ABSTRACT
This work exploits the tolerance of Deep Neural Networks (DNNs) to reduced precision numerical representations and specifically, their recently demonstrated ability to tolerate representations of different precision per layer while maintaining accuracy. This flexibility enables improvements over conventional DNN implementations that use a single, uniform representation. This work proposes Proteus, which reduces the data traffic and storage footprint needed by DNNs, resulting in reduced energy and improved area efficiency for DNN implementations. Proteus uses a different representation per layer for both the data (neurons) and the weights (synapses) processed by DNNs. Proteus is a layered extension over existing DNN implementations that converts between the numerical representation used by the DNN execution engines and the shorter, layer-specific fixed-point representation used when reading and writing data values to memory be it on-chip buffers or off-chip memory. Proteus uses a novel memory layout for DNN data, enabling a simple, low-cost and low-energy conversion unit.

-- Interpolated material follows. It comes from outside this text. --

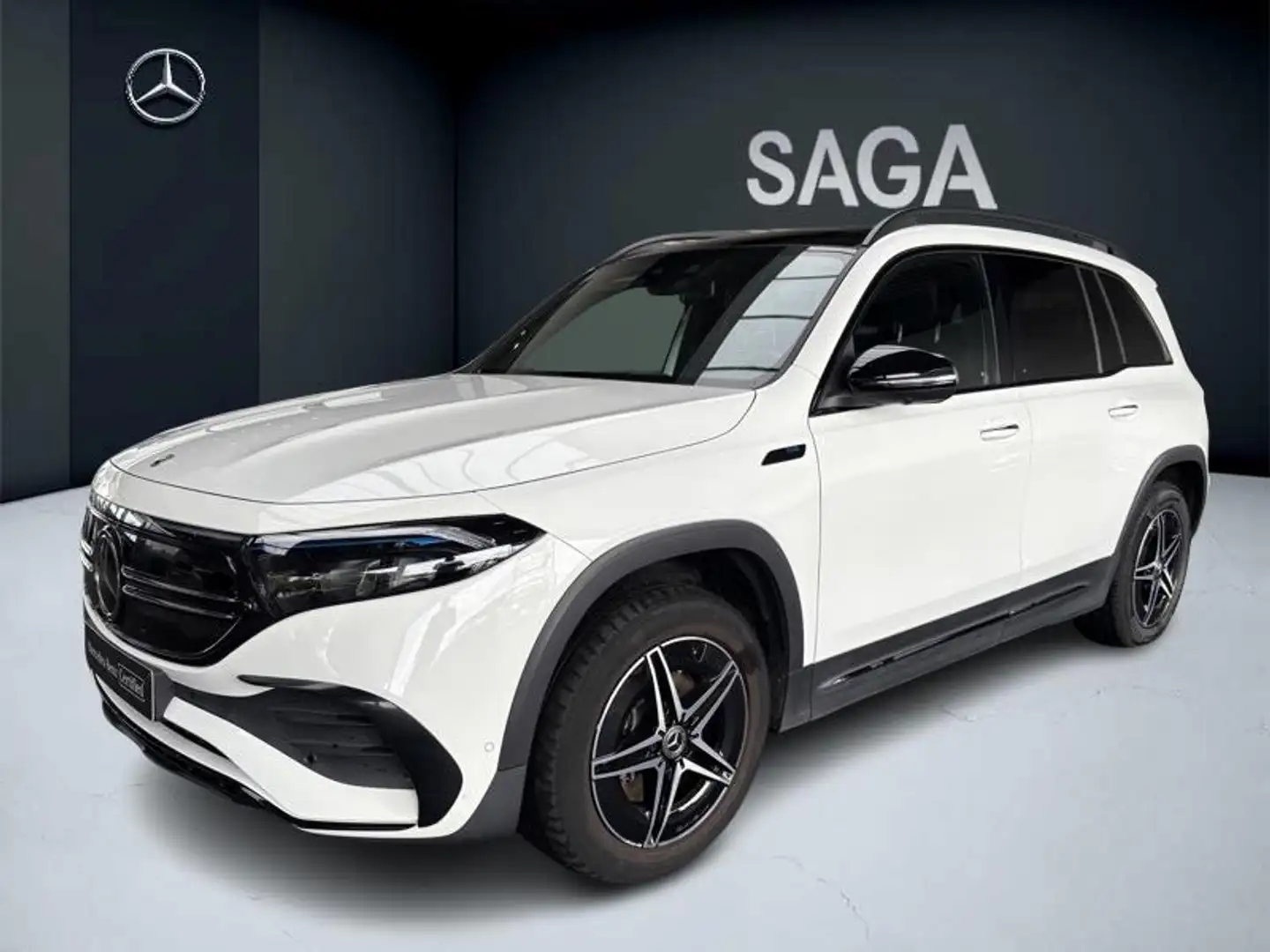 Mercedes-Benz EQB 350 350 4MATIC Blanco - 1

We evaluate Proteus as an extension to a state-of-the-art accelerator [7] which uses a uniform 16-bit fixed-point representation. On five popular DNNs Proteus reduces data traffic among layers by 43% on average while maintaining accuracy within 1% even when compared to a single precision floating-point implementation. As a result, Proteus improves energy by 15% with no performance loss. Proteus also reduces the data footprint by at least 38% and hence the amount of on-chip buffering needed resulting in an implementation that requires 20% less area overall. This area savings can be used to improve cost by building smaller chips, to process larger DNNs for the same on-chip area, or to incorporate an additional three execution engines increasing peak performance bandwidth by 18%.